(Stored items from a collection)
▼▼▼

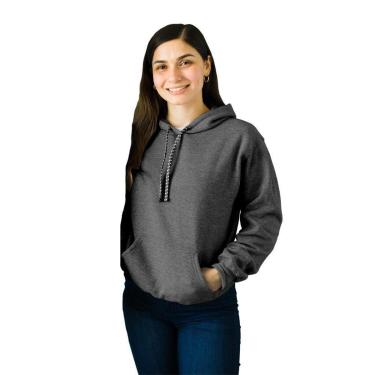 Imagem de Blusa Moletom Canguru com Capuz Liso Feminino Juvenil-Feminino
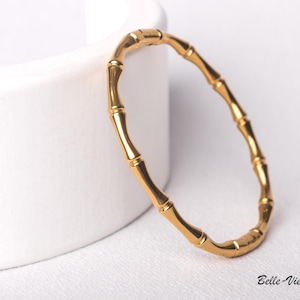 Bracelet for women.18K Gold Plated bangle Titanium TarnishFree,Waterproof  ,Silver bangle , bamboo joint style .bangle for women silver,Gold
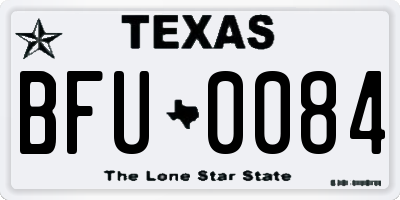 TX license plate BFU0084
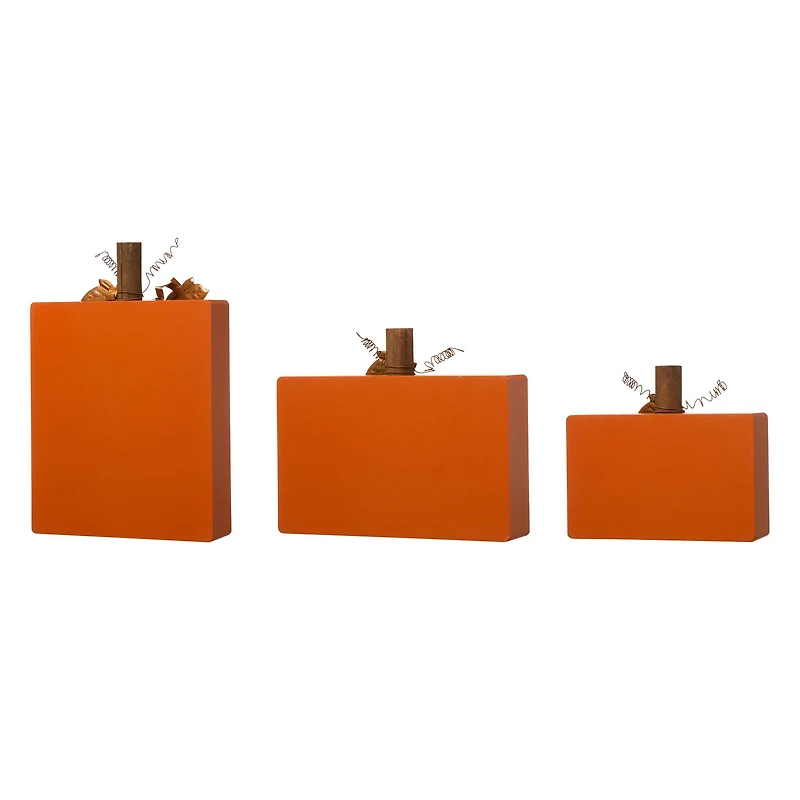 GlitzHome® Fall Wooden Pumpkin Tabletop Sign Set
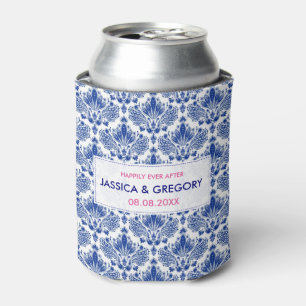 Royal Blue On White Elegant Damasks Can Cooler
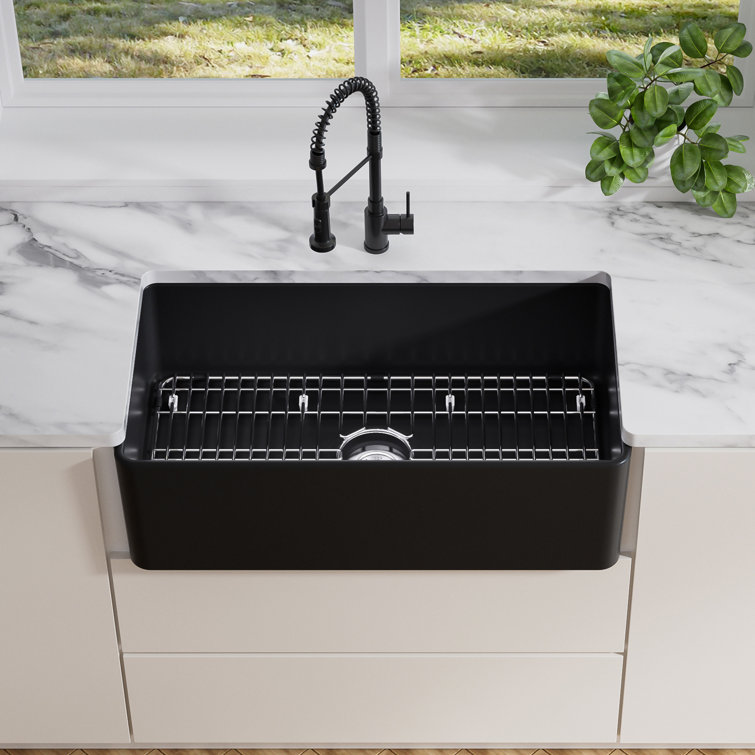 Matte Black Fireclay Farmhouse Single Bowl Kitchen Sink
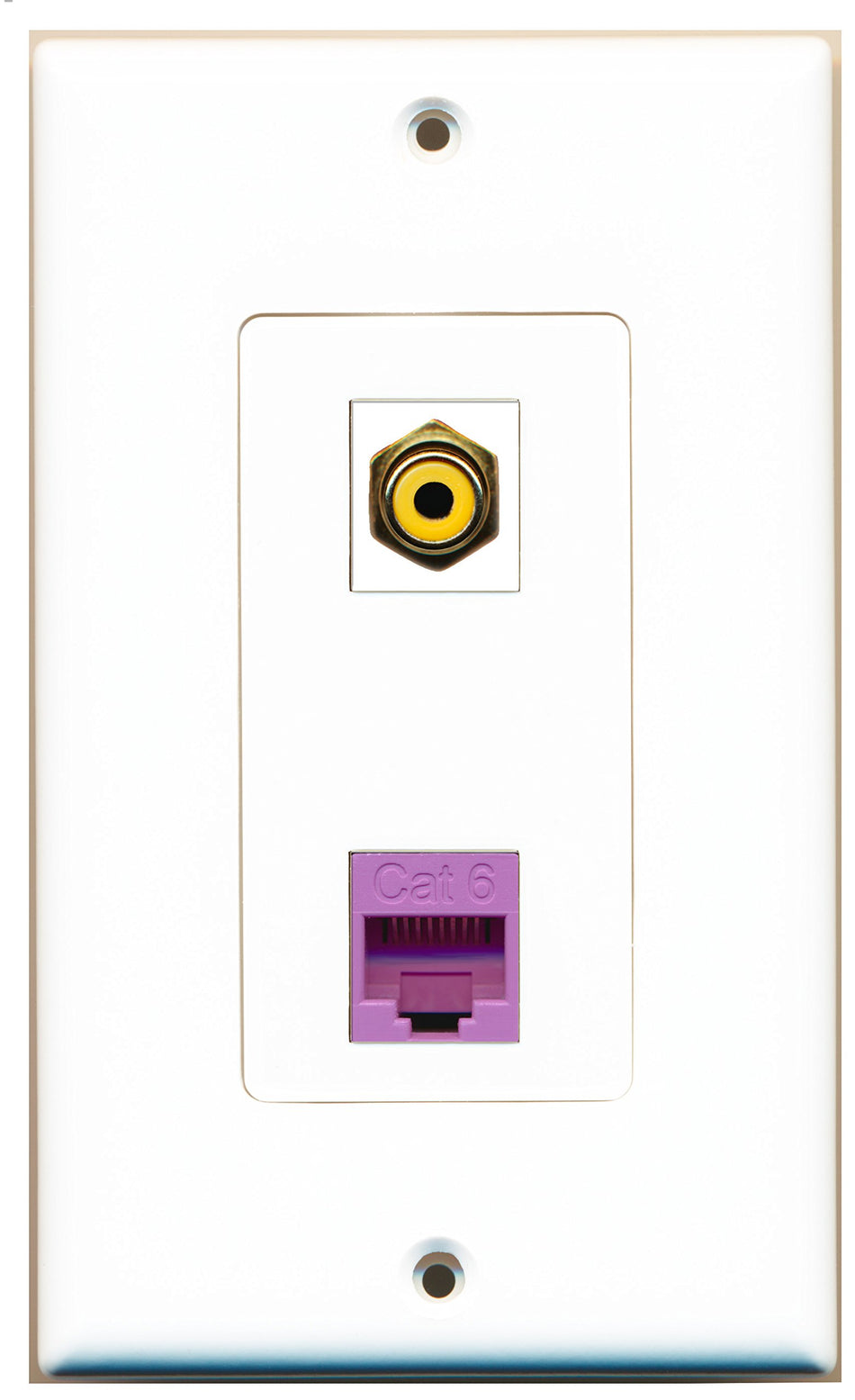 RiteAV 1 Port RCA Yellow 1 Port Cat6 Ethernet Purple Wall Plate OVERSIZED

▲▲▲

### Exercise details
Write the records out in full, word for word; leave every picture behind.

### Output below
 Imagem de Blusa Moletom Canguru com Capuz Liso Feminino Juvenil-Feminino
 Bracelet for women.18K Gold Plated bangle Titanium TarnishFree,Waterproof  ,Silver bangle , bamboo joint style .bangle for women silver,Gold
 TX license plate BFU0084
 GlitzHome® Fall Wooden Pumpkin Tabletop Sign Set
 Royal Blue On White Elegant Damasks Can Cooler
 Matte Black Fireclay Farmhouse Single Bowl Kitchen Sink
 RiteAV 1 Port RCA Yellow 1 Port Cat6 Ethernet Purple Wall Plate OVERSIZED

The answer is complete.